People think family photographs are fixed, but they’re not. They become infused with multiple stories, multiple meanings, that change over time – often alongside very real changes in our lives as relationships are made, broken, and reconfigured (especially with regards to bereavement and divorce).

We imbue objects with the residue of what they symbolise, what they mean, how we are connected to them. I’ve always seen objects as sponges. We can hold them or look at them and be completely oblivious to the stories that lie hidden within.

Or, with their owners or audiences, we can probe, ask, explore through elicitation, and then like a sponge they will pour out their meaning into the world.

There’s a funny thing about objects though…

They can begin as deeply intimate things, but over time they can often shift from personal to social history. This is true of family photographs as social histories gradually take form and then catapult images into a shared meaning that has relevance to both the private and the public.

So looking at the video footage I filmed of Darwin’s sextant, it made me think about how objects can (or could) be used in learning.

Now Darwin is quite an extreme example, because we have all heard of him, and understand how he changed the way we look at life.

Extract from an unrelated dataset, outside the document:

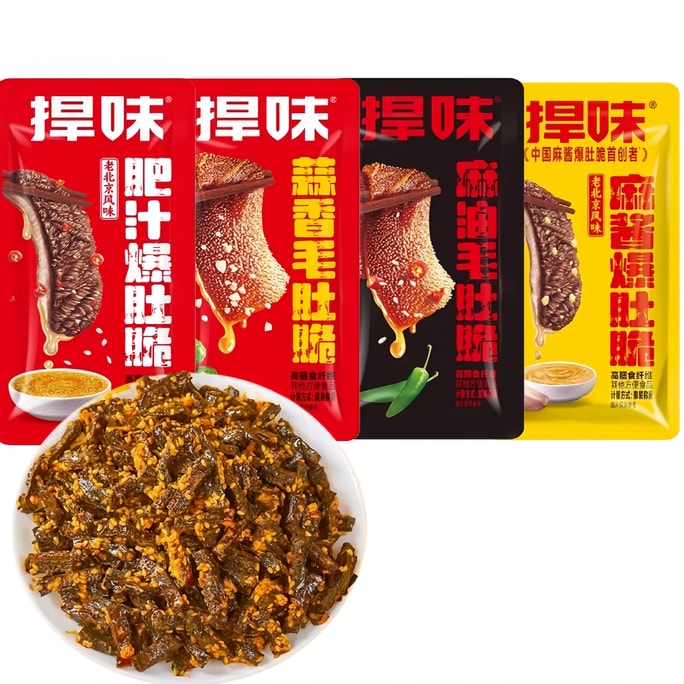 Sesame Sauce, Sesame Oil, Garlic, and Rich Broth Flavored Exploded Tripe and Crispy Vegetarian Tripe Snack Mixd Flavors 100g (10g*10 Packs)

But that’s the point – we know his story (or at least his impact).

When you hold something, or get right up close to something, that connects you with an individual or event, and the stories pour out, or you come to the object already knowing some of the stories that connect to it; the experience can be profound.

It becomes personal, textured, real. It brings you closer to that individual or time.

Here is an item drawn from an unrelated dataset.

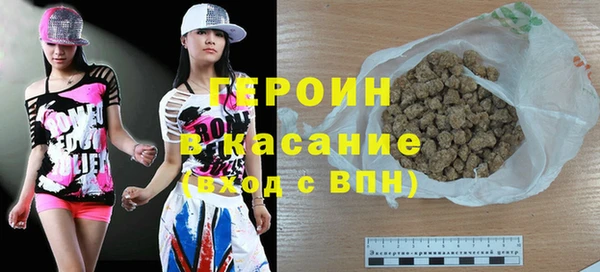 твердый Наволоки
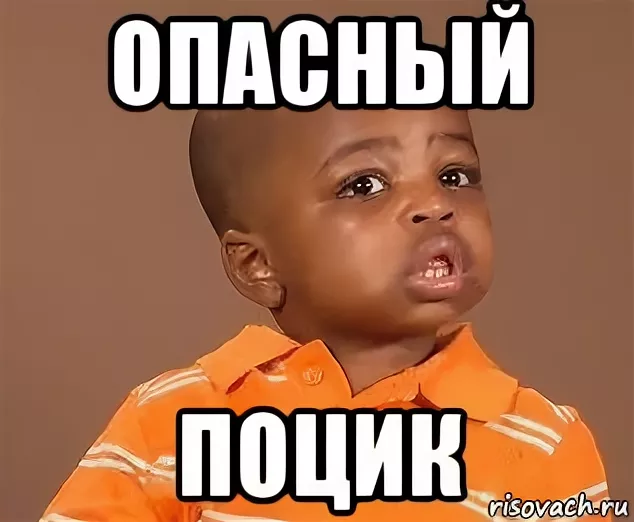 Чел Ты Значение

Let me tell you a story that relates this idea to someone you won’t know. He wasn’t someone famous, he came from a farming community in Gloucestershire at the front end of the 20th Century.

I was interviewing a gentleman as part of my PhD research a few years ago, and we were talking about the old family photographs he had in his possession.

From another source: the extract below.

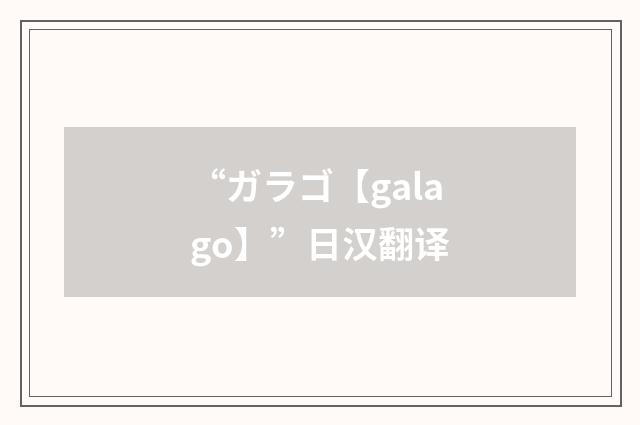 “ガラゴ【galago】”日汉翻译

He pulled out a photograph of a young man (the uncle he never met) and his family standing next to a green house on a beautiful summers day.

The young man was wearing a uniform and the photograph was taken just before he went to serve in World War I.

His name was Arthur, and he was killed during the battle of Passchendaele.

He had taken the photograph with him for comfort and connection, and after he had been killed, his commanding officer had removed the photograph from his pocket so he could return it to his parents.

I’m not ashamed to admit that when I heard this story, as I was holding the photograph of Arthur and his parents, I cried. The gentleman I interviewed was crying too.

I cried because that object, that photograph that symbolised and connected me to a clearly beautiful family bond, also connected me to the battlefield, to the moment of Arthur’s death, and to the unimaginable pain that his family experienced.

It connected me to the stories and histories I already knew of the war, but in a such a profound way, where you could actually feel a tangible sense of time rupturing and collapsing in a moment.

So to bring this back to the perspective of learning, my inspiration to write this blog has been about how others might be using objects for learning in L&D.

When you connect people to objects there’s almost a sense of embodiment of a story, of a theme, It’s an intimate experience.

It’s the same with stories, and indeed this was the subject of a talk I gave alongside Gemma Critchley at Learning Technologies 2015 where using stories for learning videos can create emotional engagement that helps learning ‘stick’.

Organisations often bring in guest speakers to inspire, and I wonder if objects are ever used in those instances, or if objects are simply used on their own, because the power of the stories that reside in them will have impact.